Few pics from last year Thumbs Up


----------



## getsum (Jan 7, 2011)

some more Thumbs Up


----------



## ALC-GregH (Nov 26, 2008)

Pics like that last one always give me the creeps. It's almost as if you're driving into the abyss. LOL There's just something about driving into the night when it snowing. Maybe a fear that I'd get stranded or stuck in the storm with no help around.


----------



## getsum (Jan 7, 2011)

ALC-GregH;1390195 said:


> Pics like that last one always give me the creeps. It's almost as if you're driving into the abyss. LOL There's just something about driving into the night when it snowing. Maybe a fear that I'd get stranded or stuck in the storm with no help around.


:laughing: ya that was the blizzard last year. that was actually a more clear picture haha. was baaaad that night. but i LOVE it. kinda get an adrenalin rush knowing how dangerous it can be and that only the few and proud plow guys can handle conditions like this and love it lol i must be a bit


----------



## BOSS LAWN (Nov 6, 2011)

getsum;1390404 said:


> :laughing: ya that was the blizzard last year. that was actually a more clear picture haha. was baaaad that night. but i LOVE it. kinda get an adrenalin rush knowing how dangerous it can be and that only the few and proud plow guys can handle conditions like this and love it lol i must be a bit


x2 on the adrenalin rush, I miss that this year so far..


----------



## getsum (Jan 7, 2011)

BOSS LAWN;1406345 said:


> x2 on the adrenalin rush, I miss that this year so far..

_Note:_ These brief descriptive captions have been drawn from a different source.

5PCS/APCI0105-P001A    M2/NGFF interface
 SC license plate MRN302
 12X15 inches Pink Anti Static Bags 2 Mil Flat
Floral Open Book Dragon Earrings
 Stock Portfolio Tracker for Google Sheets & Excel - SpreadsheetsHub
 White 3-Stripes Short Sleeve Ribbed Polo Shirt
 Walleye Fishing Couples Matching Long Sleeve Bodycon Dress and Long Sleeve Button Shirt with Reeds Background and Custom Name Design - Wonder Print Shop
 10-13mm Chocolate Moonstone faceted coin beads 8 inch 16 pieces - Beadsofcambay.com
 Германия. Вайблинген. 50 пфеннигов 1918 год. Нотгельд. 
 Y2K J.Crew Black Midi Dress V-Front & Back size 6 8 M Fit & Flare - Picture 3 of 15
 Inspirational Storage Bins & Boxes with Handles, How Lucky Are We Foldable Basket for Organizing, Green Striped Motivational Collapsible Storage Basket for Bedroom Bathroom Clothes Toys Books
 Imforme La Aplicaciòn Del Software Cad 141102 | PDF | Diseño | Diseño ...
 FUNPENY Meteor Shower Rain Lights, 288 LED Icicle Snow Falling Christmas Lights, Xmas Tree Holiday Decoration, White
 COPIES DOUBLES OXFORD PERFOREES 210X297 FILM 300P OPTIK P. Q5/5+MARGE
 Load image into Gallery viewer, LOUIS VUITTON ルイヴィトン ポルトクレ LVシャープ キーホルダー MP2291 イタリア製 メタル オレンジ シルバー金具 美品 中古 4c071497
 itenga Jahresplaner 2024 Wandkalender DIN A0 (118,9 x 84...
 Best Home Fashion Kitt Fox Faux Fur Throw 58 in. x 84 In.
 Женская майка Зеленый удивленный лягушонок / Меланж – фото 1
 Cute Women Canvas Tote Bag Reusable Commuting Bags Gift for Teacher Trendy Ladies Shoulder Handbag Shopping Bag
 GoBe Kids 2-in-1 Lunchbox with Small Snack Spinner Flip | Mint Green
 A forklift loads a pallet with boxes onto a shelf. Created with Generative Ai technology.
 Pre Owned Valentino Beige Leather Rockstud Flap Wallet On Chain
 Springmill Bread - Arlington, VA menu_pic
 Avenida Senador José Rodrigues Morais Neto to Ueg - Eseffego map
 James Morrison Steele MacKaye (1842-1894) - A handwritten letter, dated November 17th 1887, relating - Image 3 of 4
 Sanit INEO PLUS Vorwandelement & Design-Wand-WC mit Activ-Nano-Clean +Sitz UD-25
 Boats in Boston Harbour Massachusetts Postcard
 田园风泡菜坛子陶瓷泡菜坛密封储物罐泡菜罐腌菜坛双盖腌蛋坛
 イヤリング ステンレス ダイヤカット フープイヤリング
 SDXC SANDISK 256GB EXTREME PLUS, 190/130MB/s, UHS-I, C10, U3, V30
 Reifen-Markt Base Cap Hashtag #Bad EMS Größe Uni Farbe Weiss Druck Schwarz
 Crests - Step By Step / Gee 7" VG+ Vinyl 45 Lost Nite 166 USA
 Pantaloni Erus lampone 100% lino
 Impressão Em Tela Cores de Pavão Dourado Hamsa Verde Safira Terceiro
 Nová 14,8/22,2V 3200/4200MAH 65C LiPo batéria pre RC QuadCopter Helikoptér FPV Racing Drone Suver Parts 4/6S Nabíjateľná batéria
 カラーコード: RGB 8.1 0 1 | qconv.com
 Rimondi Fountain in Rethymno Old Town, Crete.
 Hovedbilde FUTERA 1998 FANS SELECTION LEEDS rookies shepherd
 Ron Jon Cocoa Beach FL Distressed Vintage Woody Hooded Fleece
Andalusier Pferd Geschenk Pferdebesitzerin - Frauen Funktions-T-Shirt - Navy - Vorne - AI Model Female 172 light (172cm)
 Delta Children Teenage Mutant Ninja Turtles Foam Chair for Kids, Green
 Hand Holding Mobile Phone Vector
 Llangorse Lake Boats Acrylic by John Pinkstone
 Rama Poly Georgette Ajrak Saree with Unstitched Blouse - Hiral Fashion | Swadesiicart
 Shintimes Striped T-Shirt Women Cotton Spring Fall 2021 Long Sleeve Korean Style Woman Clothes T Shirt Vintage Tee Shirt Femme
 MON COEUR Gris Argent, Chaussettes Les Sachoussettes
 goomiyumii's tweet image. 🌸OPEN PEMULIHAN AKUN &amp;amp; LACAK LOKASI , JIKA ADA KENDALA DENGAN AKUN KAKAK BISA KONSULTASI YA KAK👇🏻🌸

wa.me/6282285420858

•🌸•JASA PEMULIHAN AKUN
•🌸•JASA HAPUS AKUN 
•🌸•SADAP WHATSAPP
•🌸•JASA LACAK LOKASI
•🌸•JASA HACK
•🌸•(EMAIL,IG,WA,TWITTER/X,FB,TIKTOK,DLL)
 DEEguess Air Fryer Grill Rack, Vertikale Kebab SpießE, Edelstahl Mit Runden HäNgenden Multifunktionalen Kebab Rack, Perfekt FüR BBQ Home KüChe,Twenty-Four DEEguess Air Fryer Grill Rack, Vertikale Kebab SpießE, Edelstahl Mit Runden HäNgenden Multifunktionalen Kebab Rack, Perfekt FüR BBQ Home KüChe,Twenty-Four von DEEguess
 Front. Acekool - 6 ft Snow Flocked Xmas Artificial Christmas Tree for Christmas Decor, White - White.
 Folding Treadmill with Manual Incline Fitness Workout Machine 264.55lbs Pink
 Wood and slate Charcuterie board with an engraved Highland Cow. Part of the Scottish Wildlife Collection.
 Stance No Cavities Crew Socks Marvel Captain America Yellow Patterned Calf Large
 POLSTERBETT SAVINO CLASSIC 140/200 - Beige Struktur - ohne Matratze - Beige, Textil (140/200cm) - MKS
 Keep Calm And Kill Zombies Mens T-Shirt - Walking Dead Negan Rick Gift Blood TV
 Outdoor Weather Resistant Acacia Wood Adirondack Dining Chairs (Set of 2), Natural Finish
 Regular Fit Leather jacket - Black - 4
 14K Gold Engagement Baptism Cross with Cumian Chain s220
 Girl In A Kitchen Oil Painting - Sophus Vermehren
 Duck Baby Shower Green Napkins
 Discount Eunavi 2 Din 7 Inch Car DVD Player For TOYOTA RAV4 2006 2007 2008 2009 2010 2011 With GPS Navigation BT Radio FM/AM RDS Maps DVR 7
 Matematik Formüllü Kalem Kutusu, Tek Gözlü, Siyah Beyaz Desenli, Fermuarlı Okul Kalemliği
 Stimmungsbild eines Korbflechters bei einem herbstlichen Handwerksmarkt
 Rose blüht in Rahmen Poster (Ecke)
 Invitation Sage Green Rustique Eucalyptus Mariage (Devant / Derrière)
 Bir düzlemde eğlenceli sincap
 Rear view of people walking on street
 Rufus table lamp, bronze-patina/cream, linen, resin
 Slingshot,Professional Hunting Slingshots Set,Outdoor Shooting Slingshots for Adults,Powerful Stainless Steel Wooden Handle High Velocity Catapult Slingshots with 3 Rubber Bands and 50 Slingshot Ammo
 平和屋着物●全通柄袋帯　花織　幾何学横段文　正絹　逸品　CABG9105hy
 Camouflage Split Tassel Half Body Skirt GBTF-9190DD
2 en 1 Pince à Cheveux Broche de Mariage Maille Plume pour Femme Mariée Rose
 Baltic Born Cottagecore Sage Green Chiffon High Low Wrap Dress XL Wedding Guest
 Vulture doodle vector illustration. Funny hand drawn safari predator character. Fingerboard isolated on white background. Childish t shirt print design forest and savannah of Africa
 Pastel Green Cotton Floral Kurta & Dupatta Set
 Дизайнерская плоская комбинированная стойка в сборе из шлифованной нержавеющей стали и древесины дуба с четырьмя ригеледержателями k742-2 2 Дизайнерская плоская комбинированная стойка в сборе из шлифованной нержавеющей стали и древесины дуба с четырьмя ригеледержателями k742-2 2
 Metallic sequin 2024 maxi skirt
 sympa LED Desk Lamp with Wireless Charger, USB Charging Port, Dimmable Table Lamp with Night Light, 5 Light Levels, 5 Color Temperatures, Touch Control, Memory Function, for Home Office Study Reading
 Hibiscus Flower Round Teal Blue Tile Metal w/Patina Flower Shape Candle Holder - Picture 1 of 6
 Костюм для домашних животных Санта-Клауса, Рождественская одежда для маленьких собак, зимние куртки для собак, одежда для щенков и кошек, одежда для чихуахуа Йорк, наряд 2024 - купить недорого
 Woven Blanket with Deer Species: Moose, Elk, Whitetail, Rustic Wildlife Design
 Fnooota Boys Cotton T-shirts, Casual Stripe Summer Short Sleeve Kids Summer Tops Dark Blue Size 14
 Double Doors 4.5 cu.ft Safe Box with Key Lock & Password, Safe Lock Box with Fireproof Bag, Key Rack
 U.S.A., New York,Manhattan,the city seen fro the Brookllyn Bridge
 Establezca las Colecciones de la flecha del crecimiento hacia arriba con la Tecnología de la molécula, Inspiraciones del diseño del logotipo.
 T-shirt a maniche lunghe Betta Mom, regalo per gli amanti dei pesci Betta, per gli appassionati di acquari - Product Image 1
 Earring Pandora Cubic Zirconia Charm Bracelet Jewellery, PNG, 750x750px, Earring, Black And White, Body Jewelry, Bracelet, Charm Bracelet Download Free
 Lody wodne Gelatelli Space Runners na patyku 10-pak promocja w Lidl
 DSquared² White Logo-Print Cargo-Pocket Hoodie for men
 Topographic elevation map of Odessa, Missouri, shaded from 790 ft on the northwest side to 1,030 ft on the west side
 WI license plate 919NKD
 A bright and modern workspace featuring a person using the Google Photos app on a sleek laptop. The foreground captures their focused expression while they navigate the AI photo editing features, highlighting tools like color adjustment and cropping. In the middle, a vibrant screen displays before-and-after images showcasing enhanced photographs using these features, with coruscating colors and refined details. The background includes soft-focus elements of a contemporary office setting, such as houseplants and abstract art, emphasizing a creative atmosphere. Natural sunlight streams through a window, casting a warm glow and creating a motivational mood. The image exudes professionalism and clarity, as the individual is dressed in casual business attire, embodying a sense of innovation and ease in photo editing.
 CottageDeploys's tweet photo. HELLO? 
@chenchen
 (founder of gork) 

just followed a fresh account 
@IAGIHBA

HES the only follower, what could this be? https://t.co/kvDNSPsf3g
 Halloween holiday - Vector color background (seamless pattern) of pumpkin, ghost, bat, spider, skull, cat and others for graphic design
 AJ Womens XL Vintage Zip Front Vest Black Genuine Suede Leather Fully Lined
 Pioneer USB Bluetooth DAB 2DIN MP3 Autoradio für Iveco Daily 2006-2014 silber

lol yup... only one plow event this year so far. it was 50 plus today...


----------



## Brian Young (Aug 13, 2005)

I dig the solid white dish wheels in the one pic. lol. I had to drive on a thru-way the other night while it was snowing and blowing....I was white knuckling it all the way. Well now a few are saying more snow for next week and supposed to stay cold, we'll see.


----------



## getsum (Jan 7, 2011)

Brian Young;1407090 said:


> I dig the solid white dish wheels in the one pic. lol. I had to drive on a thru-way the other night while it was snowing and blowing....I was white knuckling it all the way. Well now a few are saying more snow for next week and supposed to stay cold, we'll see.


HAHA instead of white walls i went all out :laughing: god i hope we get snow soon. All my resi's and couple commercials are per push and i have 1 good size seasonal. which is going to all bills :realmad: neeeed snooooow


----------